▸ Task description: The output should be the listing below, limited to the lines from the one with "水千丞小說(shuō)實(shí)體書火焰戎裝深淵游戲逆鋒附加遺產(chǎn) 【新版】附加遺產(chǎn) 上下2冊(cè)" through the one with "ユッケ 2,002円(税込)", exact and without pictures.

▸ Records for the exercise:
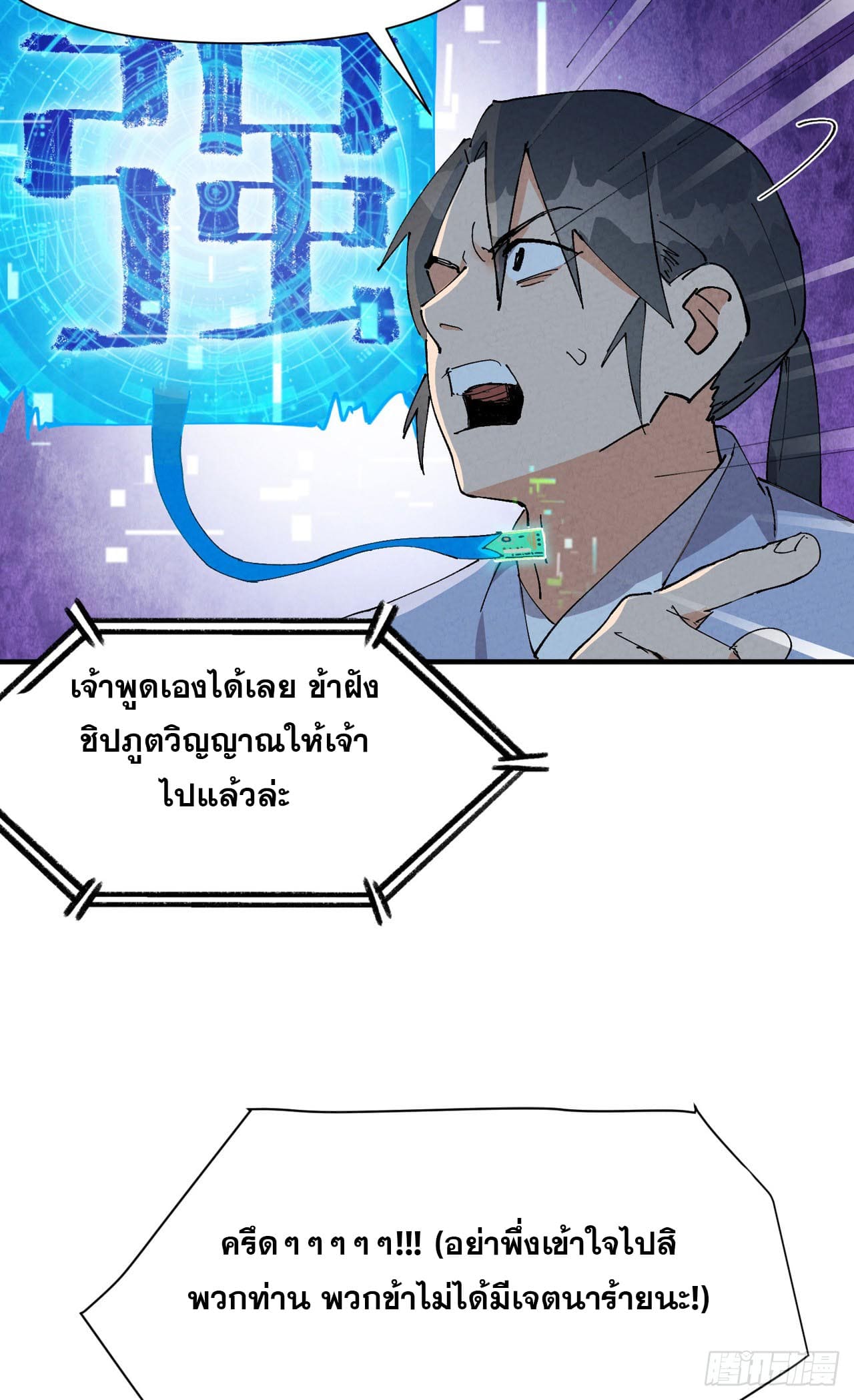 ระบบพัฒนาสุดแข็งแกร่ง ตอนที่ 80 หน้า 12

* * *

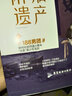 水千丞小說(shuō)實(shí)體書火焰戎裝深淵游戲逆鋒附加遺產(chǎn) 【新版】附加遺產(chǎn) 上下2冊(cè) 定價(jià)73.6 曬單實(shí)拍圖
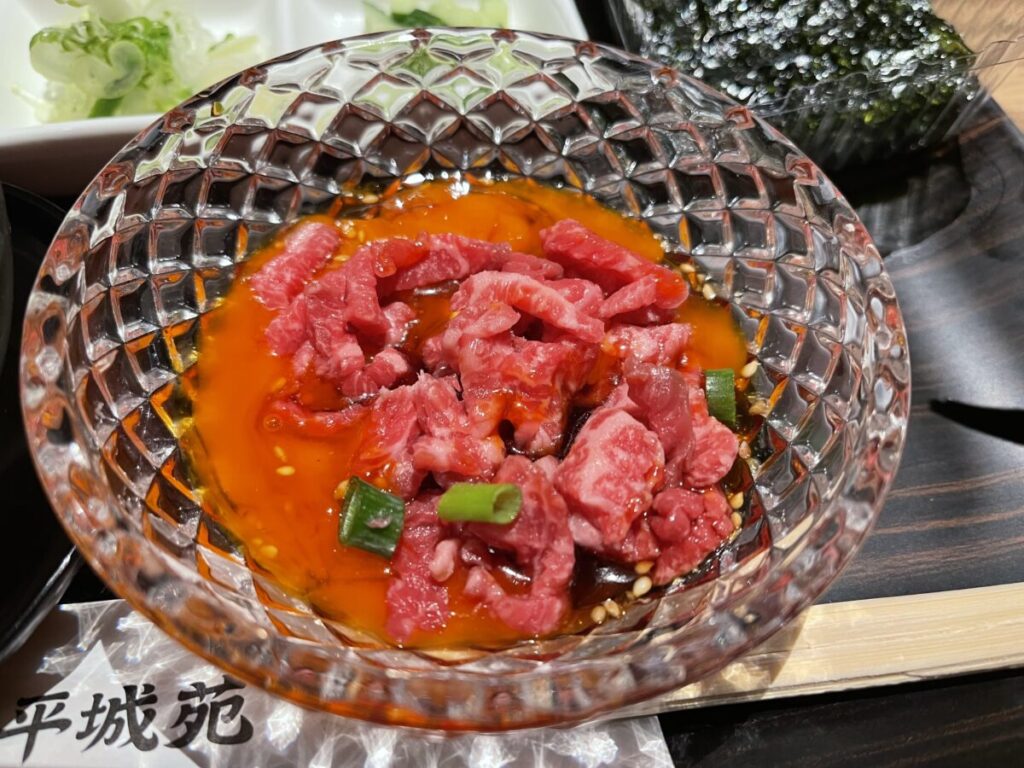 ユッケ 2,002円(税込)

▸ Response for this exercise:
 水千丞小說(shuō)實(shí)體書火焰戎裝深淵游戲逆鋒附加遺產(chǎn) 【新版】附加遺產(chǎn) 上下2冊(cè) 定價(jià)73.6 曬單實(shí)拍圖
 ユッケ 2,002円(税込)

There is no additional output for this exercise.